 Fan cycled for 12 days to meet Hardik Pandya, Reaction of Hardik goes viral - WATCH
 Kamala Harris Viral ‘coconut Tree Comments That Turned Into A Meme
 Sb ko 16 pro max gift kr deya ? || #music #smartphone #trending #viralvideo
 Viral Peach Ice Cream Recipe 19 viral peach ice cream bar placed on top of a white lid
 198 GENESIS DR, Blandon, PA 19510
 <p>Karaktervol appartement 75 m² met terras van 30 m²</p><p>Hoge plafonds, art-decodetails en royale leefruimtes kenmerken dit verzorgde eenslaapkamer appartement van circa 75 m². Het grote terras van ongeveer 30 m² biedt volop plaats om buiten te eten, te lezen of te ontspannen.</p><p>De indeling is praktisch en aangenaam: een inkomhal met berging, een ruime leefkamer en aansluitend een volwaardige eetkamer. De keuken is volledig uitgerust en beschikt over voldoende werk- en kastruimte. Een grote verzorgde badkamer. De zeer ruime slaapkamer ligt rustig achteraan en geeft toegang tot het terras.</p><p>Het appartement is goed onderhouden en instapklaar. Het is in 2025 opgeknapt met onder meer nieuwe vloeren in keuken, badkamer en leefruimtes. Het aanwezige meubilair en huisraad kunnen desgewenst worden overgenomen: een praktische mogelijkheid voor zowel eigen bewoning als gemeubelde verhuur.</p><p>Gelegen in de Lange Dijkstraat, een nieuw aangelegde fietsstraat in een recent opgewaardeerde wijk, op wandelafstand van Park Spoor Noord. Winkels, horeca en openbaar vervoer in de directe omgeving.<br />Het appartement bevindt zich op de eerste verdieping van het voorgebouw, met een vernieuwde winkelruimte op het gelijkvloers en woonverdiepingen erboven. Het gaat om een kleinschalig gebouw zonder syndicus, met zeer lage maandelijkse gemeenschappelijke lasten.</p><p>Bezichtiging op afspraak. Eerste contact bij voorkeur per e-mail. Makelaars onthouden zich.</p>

| Work request |
Repeat the records above line by line, from the first line through the line that contains "198 GENESIS DR, Blandon, PA 19510".

| Answer for the task |
 Fan cycled for 12 days to meet Hardik Pandya, Reaction of Hardik goes viral - WATCH
 Kamala Harris Viral ‘coconut Tree Comments That Turned Into A Meme
 Sb ko 16 pro max gift kr deya ? || #music #smartphone #trending #viralvideo
 Viral Peach Ice Cream Recipe 19 viral peach ice cream bar placed on top of a white lid
 198 GENESIS DR, Blandon, PA 19510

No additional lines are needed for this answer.